Types of rotator cuff injuries
In addition to a rotator cuff tear (LINK), shoulder pain can be caused by rotator cuff tendinitis, bursitis, or impingement. The rotator cuff is comprised of four muscles that stabilize the shoulder joint and move the arm up and down. Between the rotator cuff and the bone on the top of the shoulder (the acromion) is the bursa, which is a sac that allows the tendons of the rotator cuff to move freely as the arm moves. Rotator cuff tendinitis is caused when the rotator cuff tendons are irritated or damaged. Bursitis occurs when the bursa is inflamed and/or swollen. Impingement is when there is decreased space under the acromion or acromioclavicular joint and the tendons and the bursa rub against the undersurface causing irritation.
Causes and symptoms of rotator cuff injuries
Rotator cuff injuries are common in athletes who use their arms overhead, as well as in middle-aged people who do repetitive lifting motions overhead. Rotator cuff injuries can also be caused by minor injuries. Rotator cuff pain presents as pain and stiffness when lifting and/or lowering the arm, pain radiating from the front of the shoulder to the side of the arm, pain at night, or loss of strength.
Diagnosing rotator cuff injuries
It’s best to seek treatment earlier rather than later, as many rotator cuff injuries worsen with time. We will check for tenderness, identify mobility issues, and test arm strength. After ruling out other conditions such as arthritis or a pinched nerve, we may recommend imaging tests to identify excess fluid, inflammation, or tearing.

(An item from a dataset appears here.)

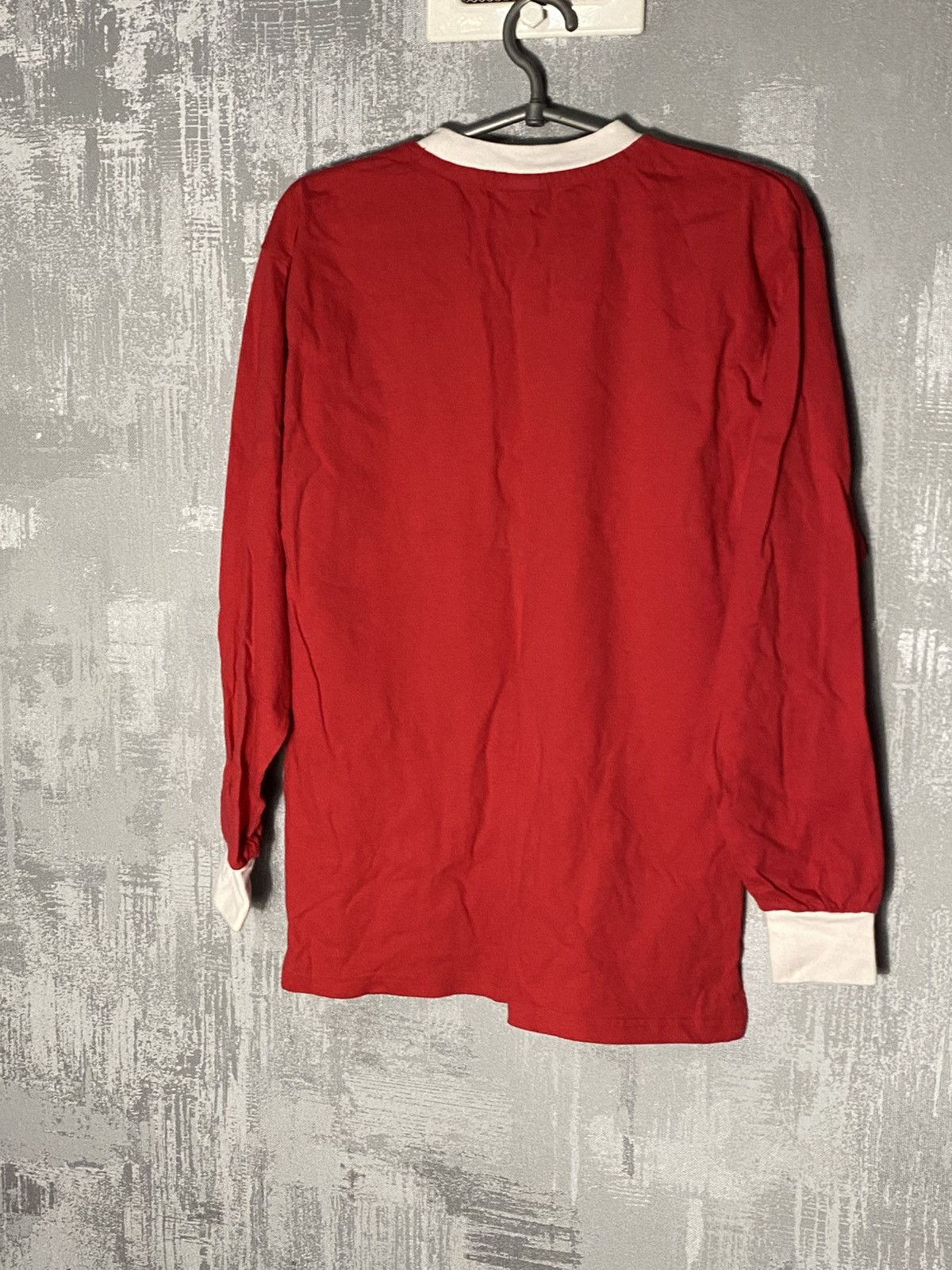 Vintage Vintage Liverpool Score Draw Long Sleeve Soccer Jersey Kit Size US S / EU 44-46 / 1 - 6 Thumbnail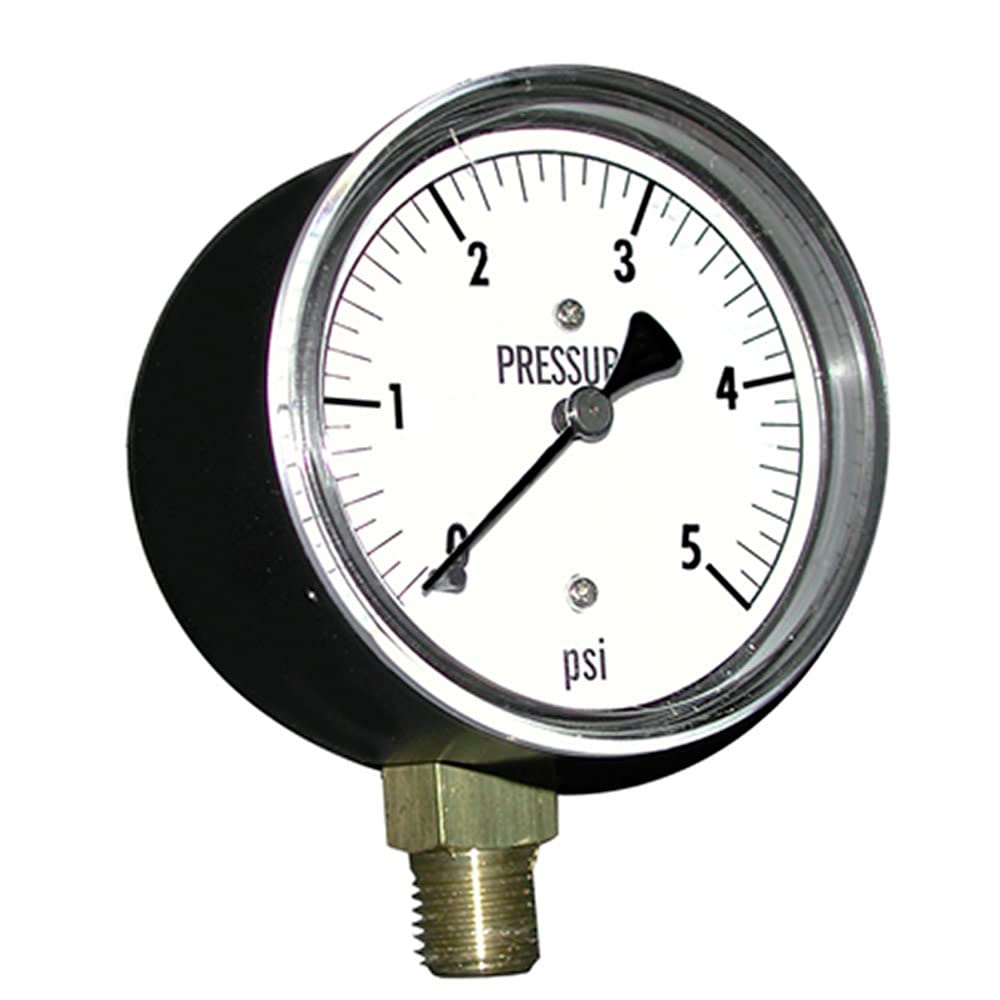 Jones Stephens Corp – 5 libra Gas prueba Gauge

Treating rotator cuff tendinitis, bursitis, and impingement
In most cases where the rotator cuff is not torn, surgery is not necessary. Treatment may take several weeks, but typically results in a full recovery. We recommend rest and NSAID medications, and sometimes physical therapy and steroid injections. If surgery is necessary, we offer arthroscopic surgery to increase the subacromial space, remove painful bursa and address rotator cuff issues.